Ia menambahkan, “Bank NTB Syariah akan terus menjadi partner strategis bagi Proklim Mart. Kami percaya, dengan mendukung inovasi ekonomi hijau berbasis komunitas, kita bukan hanya menumbuhkan usaha, tapi juga membangun kemandirian masyarakat dan menjaga kelestarian lingkungan di NTB,”ungkapnya.
Sementara itu, Pathul Hapiz, Manager Proklim Mart Joben Lestari, menyampaikan rasa syukur dan kebanggaannya atas penghargaan tersebut.
“Penghargaan Gold Awards Asia ESG Positive Impact Awards 2025 ini adalah bukti nyata bahwa program inisiasi dari desa pun bisa membawa dampak besar jika didukung oleh sinergi dan kolaborasi yang kuat. Dukungan Bank NTB Syariah bukan sekadar modal, tetapi juga pendampingan dan kepercayaan terhadap potensi ekonomi hijau yang kami kembangkan,”katanya.

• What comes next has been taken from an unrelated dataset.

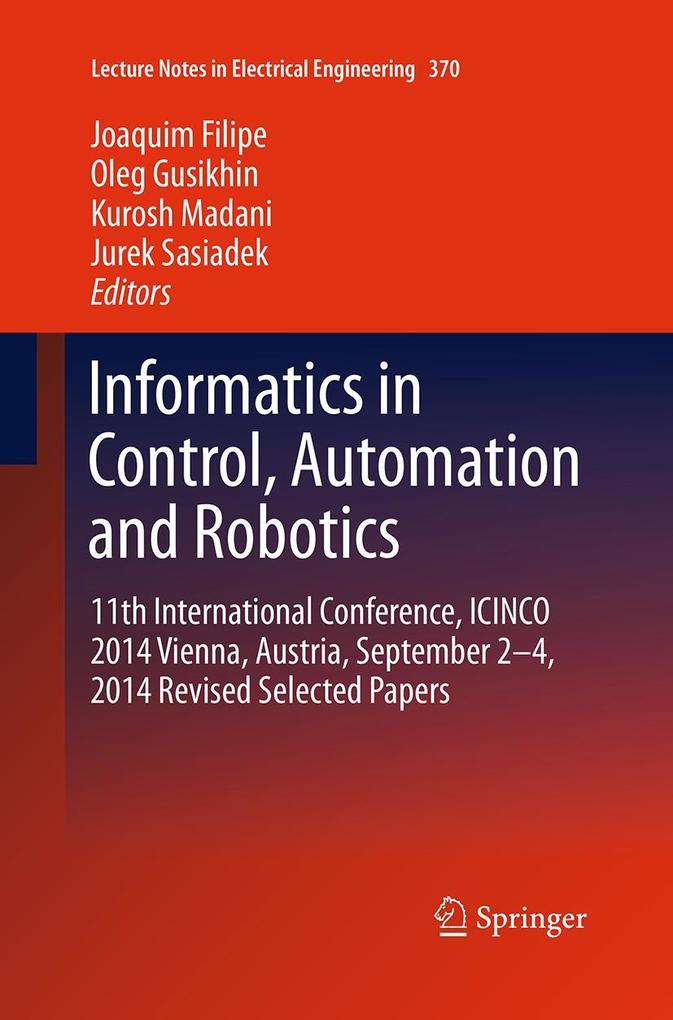 Informatics in Control Automation and Robotics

Ia berharap, capaian ini menjadi inspirasi bagi komunitas lain di NTB untuk bergerak bersama menuju masa depan hijau.
“Kami berharap capaian ini dapat menginspirasi lebih banyak komunitas di NTB dan Indonesia untuk berperan aktif dalam pembangunan berkelanjutan, mengintegrasikan konservasi lingkungan dan pemberdayaan masyarakat sebagai pondasi ekonomi hijau. Untuk mencapai kesejahteraan masyarakat, masih dibutuhkan dukungan banyak pihak, terutama dalam pengelolaan sampah dan pengembangan wisata berkelanjutan,” tutup Pathul Hapiz.